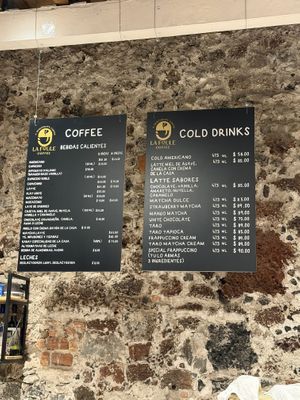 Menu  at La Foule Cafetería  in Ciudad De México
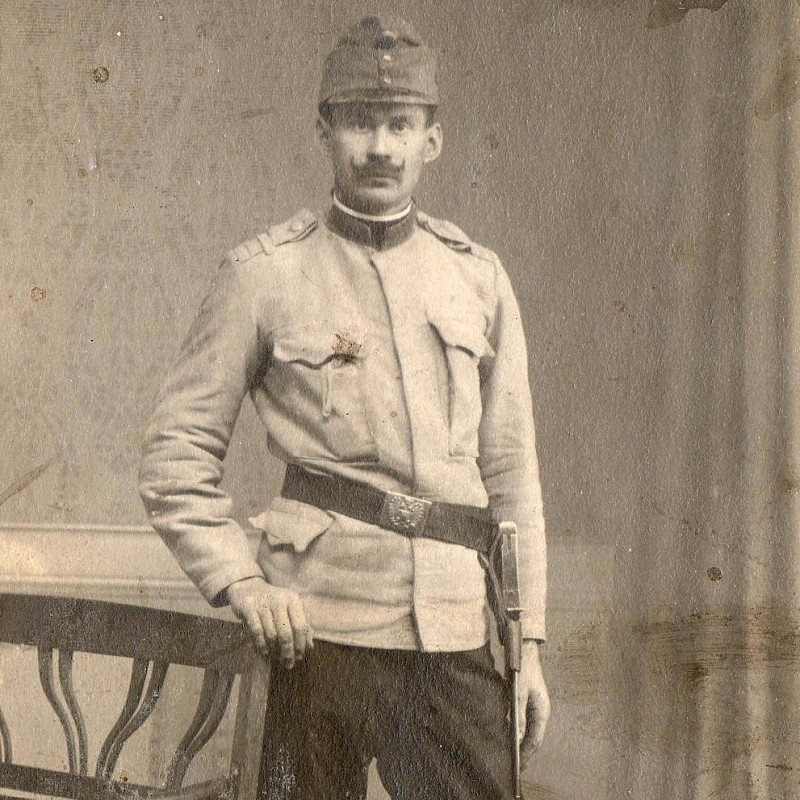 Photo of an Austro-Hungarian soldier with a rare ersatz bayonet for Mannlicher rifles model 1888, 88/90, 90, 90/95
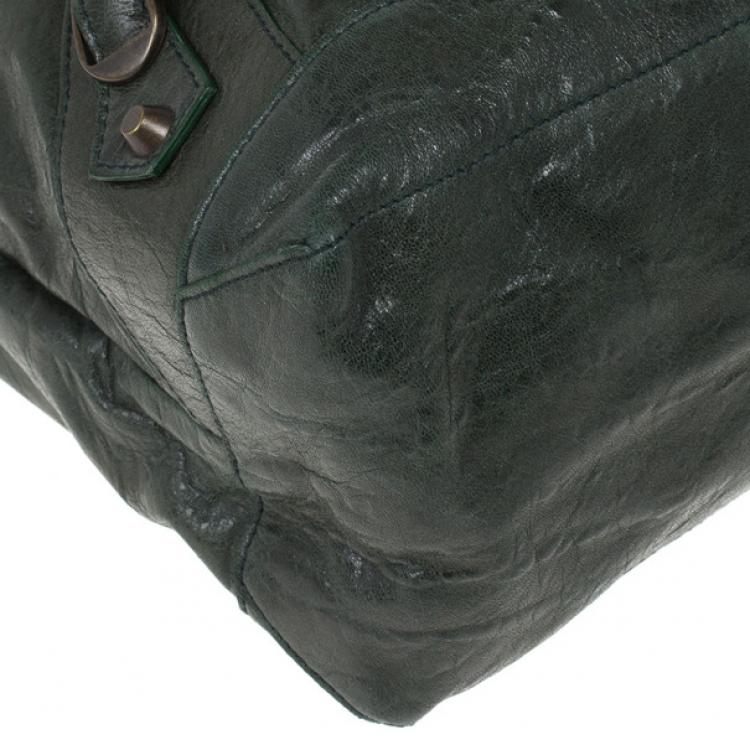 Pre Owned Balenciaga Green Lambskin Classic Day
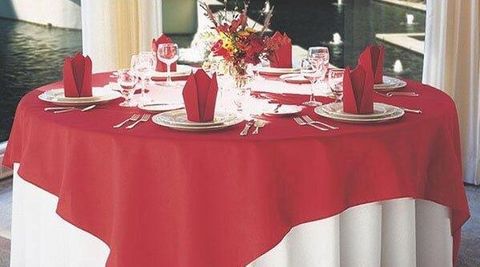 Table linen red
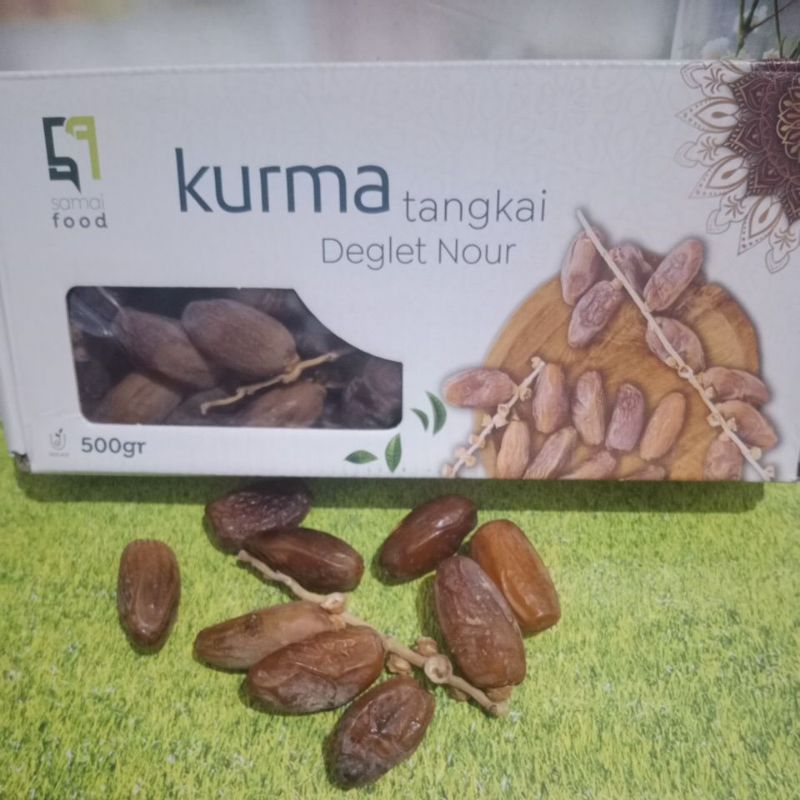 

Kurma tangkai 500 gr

----

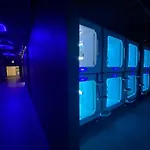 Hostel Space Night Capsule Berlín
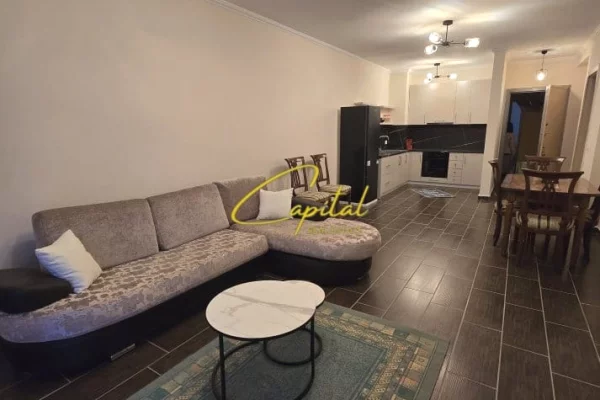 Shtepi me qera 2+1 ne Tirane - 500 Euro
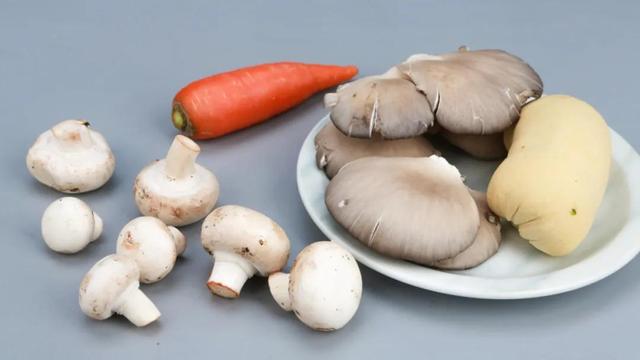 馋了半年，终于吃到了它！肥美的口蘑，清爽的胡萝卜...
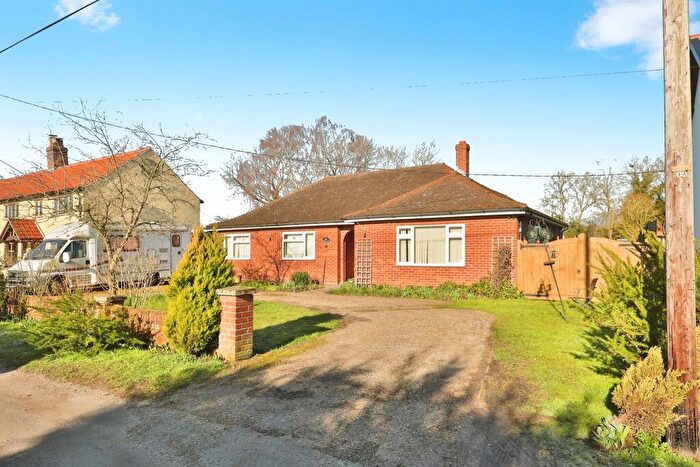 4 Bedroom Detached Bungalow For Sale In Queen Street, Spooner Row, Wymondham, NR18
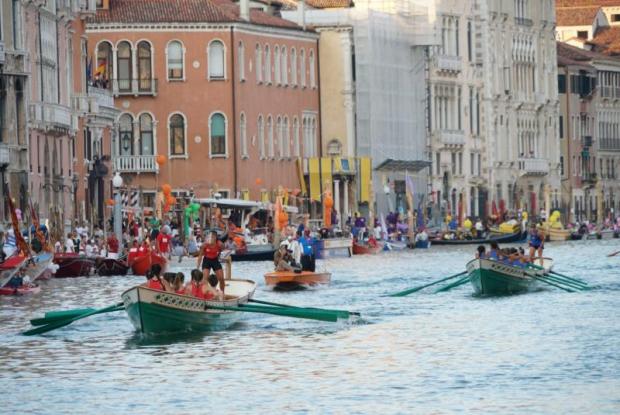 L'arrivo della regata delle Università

----

**WHAT TO PRODUCE**
Copy out exactly the lines above beginning with the line that contains "Photo of an" and finishing with the line that contains "Kurma tangkai 500 gr", including both; leave the pictures out.

**ANSWER TO THIS EXERCISE**
 Photo of an Austro-Hungarian soldier with a rare ersatz bayonet for Mannlicher rifles model 1888, 88/90, 90, 90/95
 Pre Owned Balenciaga Green Lambskin Classic Day
 Table linen red

Kurma tangkai 500 gr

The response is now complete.